The “Hide Payload with Office Developer Mode”, instead, leverages that in most Office installations, the developer tab is disabled by default, so it is even more difficult to identify the presence of anomalous objects. This technique has been employed in a sample Yoroi-Cybaze analyzed few time ago too. Opening it, the document looks like many others. However, the macro code analysis reveals that the real payload is contained elsewhere, in particular in an object that appears as a tiny text box just after the enabling of macro code. After enabling Word developer mode, “we were able to explore the object content: the Base64 encoded payload”. But, without enabling it, it is impossible to select and modify the object’s properties. Using this strategy, the malware is put in a section which is more difficult to detect, both for automatic and manual analysis, obtaining a lower detection rate during static analysis.
“Spoofed Signature”or “Certificate Spoofing”

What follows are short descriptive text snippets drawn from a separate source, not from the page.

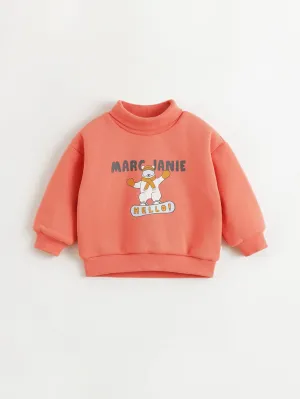 MARC & JANIE Boys Ski Bear Printed High Neck Padded Sweatshirt 240985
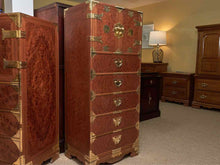 Asian Burled Walnut 5 Door Lingerie Chest with Brass Moth Handles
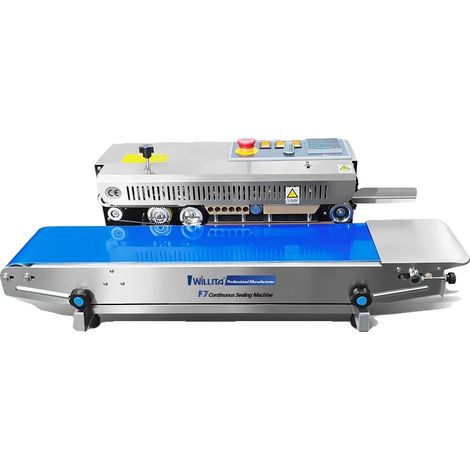 Máquina de sellado continuo, fabricada en acero inoxidable de grado alimenticio, alta velocidad de sellado, acero inoxidable (1/2)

The “Certificate Spoofing”, finally, cybercrime hackers not only hide the malware to a relevant portion of anti-virus engines. According to the cyber security experts, they could also obtain a valid certificate for his payload stealing cryptographic keys to legit owners or leveraging rogue companies, as Yoroi-Cybaze observed in the signed Email Stealer used by the TA505 hacker group. However, in many cases evading detection could require less effort: even an invalid certificate is enough to achieve the goal, such as in a recent Ursnif attack campaign. Using certificate spoofing techniques an attacker may sign an arbitrary executable using an arbitrary certificate from any website. As study case, the researchers reproduced this techniques signing a known Emotet binary leveraging the Symantec website certificate. This trick led to a decrease of the VirusTotal detection rate from 36 to 20. Even Symantec AV didn’t detect the sample as malicious!